PRP İngilizce yazılışıyla Platelet Rich Plasma, kanımızda bulunan pıhtılaşmada önemli görevi bulunan Trombositlerin, yoğun olarak bulunduğu serum anlamındadır. Kanda normal sıklıkta (1 ml de ortalama 200 000) bulunan trombositler kanın pıhtılaşmasında görev aldıkları gibi yaralanma bölgelerinde birikirler ve mediatör adı verilen bir madde salgılayarak ‘Kök Hücre’ dediğimiz, değişik ortamlarda oranın ihtiyacına göre farklılaşıp çoğalabilen hücreleri yaralanma bölgesine çağırırlar. Bundaki amaç kök hücrelerin burada oluşmuş hasarı onarmak için gerekli hücreleri üretmesidir. Bu da en sık olarak fibrositlere dönüşerek kollojen liflerinin, elastositlere dönüşerek elastinlerin üretiminin artması şeklinde ortaya çıkmaktadır.

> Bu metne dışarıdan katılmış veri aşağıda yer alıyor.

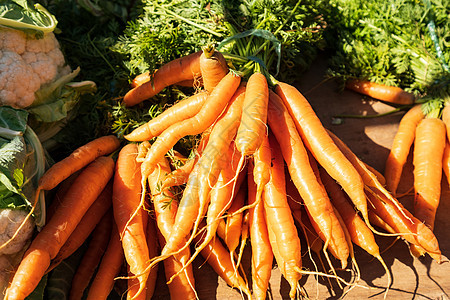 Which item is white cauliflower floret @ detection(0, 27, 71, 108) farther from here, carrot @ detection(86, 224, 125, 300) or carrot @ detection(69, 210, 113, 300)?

PRP basitçe kişinin kendi kanından elde edilmektedir. Uygulama başlangıcında damardan alınan kan steril ortamda santrifüje edilerek trombositlerin (platelet) bir yerde toplanması sağlanır. Bir enjektör yardımı ile trombositlerden zengin serum aspire edilerek uygulamaya hazır hale getirilir.

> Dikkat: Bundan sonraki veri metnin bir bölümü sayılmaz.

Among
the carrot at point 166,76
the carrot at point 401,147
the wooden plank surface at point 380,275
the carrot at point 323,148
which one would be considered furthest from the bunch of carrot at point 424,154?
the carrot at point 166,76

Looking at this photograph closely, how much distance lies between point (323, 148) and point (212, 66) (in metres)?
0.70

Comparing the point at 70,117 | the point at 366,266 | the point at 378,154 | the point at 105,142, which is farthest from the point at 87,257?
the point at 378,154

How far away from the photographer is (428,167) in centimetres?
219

Kandan yoğunlaştırılmış olarak elde edilen sıvı (PRP) nın herhangi bir bölgede deri içine Enjekte edildiğini düşünelim. Enjeksiyon işleminin bir yaralanma oluşturduğunu ve burada çok sayıda trombosit yani platelet olduğundan dolayı buraya normal bir yaralanmadan daha fazla sayıda
Kök Hücre çağrılarak burada artmış bir aktivasyon, hücre yapımı, yeni kollojen ve elastin sentezi ve bunların olduğu bölgeye fazla kan akımı, anjiogenez (yeni damarların gelişmesi) ortaya çıkar.Bu olaylar sonucu işlem yapılan alanda deride kalınlaşma,esneklik artışı,sıkılaşma ve artmış kan akımı ile daha iyi bir beslenmeye neden olur ki tüm bunlar kırışıklıkların ve gevşekliğin azalması, daha canlı görünüm hücre onarım ve gelişiminin artması ile hasarlanmış üst derinin onarımı sonucu renk değişikliklerinde azalma ortaya çıkar. Bu da sıkılaşmış daha canlı ve daha genç cilt görünümü demektir.
PRP özellikle deride hasar,yıpranma, yaşlanma olduğunda (bunlarda deride incelme, kırışma,gevşeme,lekelenme tarzında ortaya çıkar) tek başına veya başka yöntemlerle beraber kullanılabilir. Burada amaç derinin azalmış hücre ve lif sayısında artış sağlayarak inceliği, kırışıklığı ve gevşekliği azaltmaktır. Bu da daha çok orta ve daha ileri yaştaki insanlarda olur ve özellikle güneş etkisi altında fazla kalma, sigara içme, iyi beslenememe gibi faktörler bu hasarı artırmaktadır. Ayrıca genetik faktörlerin bu değişikliklerin oluşmasında önemi büyüktür. Genç insanların derisinde oluşan lezyonların tedavisinde daha az etkili olacağı bilinmelidir.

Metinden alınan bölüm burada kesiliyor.